◆ Task statement ◆
Each line of the material must be returned exactly.

◆ Dataset extract ◆
-*-*-
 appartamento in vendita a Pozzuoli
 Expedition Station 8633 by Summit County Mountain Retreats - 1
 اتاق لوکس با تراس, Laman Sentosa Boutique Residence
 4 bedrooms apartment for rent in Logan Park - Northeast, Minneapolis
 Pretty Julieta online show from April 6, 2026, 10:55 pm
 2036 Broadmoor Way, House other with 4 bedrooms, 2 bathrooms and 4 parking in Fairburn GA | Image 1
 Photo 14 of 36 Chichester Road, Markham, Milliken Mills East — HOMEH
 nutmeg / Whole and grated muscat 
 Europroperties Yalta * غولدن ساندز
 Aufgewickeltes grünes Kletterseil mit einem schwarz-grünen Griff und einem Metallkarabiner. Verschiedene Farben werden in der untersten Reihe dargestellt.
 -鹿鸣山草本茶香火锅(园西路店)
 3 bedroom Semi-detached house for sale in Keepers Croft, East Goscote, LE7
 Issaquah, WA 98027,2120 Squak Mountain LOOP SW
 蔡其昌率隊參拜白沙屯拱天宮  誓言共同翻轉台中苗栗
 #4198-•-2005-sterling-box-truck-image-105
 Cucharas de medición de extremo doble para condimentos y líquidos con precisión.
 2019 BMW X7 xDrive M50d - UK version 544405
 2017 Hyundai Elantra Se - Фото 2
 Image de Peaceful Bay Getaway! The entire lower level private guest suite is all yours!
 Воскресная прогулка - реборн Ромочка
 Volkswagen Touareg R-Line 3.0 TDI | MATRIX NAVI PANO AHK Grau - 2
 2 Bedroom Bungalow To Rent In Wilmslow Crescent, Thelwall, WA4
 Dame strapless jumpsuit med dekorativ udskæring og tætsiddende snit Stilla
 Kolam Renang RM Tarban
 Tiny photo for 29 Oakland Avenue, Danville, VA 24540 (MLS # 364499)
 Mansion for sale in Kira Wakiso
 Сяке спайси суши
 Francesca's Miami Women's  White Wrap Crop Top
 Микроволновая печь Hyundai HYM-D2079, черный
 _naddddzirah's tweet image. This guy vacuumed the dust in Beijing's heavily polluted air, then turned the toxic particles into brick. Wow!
-*-*-
◆ Answer to the problem ◆
 appartamento in vendita a Pozzuoli
 Expedition Station 8633 by Summit County Mountain Retreats - 1
 اتاق لوکس با تراس, Laman Sentosa Boutique Residence
 4 bedrooms apartment for rent in Logan Park - Northeast, Minneapolis
 Pretty Julieta online show from April 6, 2026, 10:55 pm
 2036 Broadmoor Way, House other with 4 bedrooms, 2 bathrooms and 4 parking in Fairburn GA | Image 1
 Photo 14 of 36 Chichester Road, Markham, Milliken Mills East — HOMEH
 nutmeg / Whole and grated muscat 
 Europroperties Yalta * غولدن ساندز
 Aufgewickeltes grünes Kletterseil mit einem schwarz-grünen Griff und einem Metallkarabiner. Verschiedene Farben werden in der untersten Reihe dargestellt.
 -鹿鸣山草本茶香火锅(园西路店)
 3 bedroom Semi-detached house for sale in Keepers Croft, East Goscote, LE7
 Issaquah, WA 98027,2120 Squak Mountain LOOP SW
 蔡其昌率隊參拜白沙屯拱天宮  誓言共同翻轉台中苗栗
 #4198-•-2005-sterling-box-truck-image-105
 Cucharas de medición de extremo doble para condimentos y líquidos con precisión.
 2019 BMW X7 xDrive M50d - UK version 544405
 2017 Hyundai Elantra Se - Фото 2
 Image de Peaceful Bay Getaway! The entire lower level private guest suite is all yours!
 Воскресная прогулка - реборн Ромочка
 Volkswagen Touareg R-Line 3.0 TDI | MATRIX NAVI PANO AHK Grau - 2
 2 Bedroom Bungalow To Rent In Wilmslow Crescent, Thelwall, WA4
 Dame strapless jumpsuit med dekorativ udskæring og tætsiddende snit Stilla
 Kolam Renang RM Tarban
 Tiny photo for 29 Oakland Avenue, Danville, VA 24540 (MLS # 364499)
 Mansion for sale in Kira Wakiso
 Сяке спайси суши
 Francesca's Miami Women's  White Wrap Crop Top
 Микроволновая печь Hyundai HYM-D2079, черный
 _naddddzirah's tweet image. This guy vacuumed the dust in Beijing's heavily polluted air, then turned the toxic particles into brick. Wow!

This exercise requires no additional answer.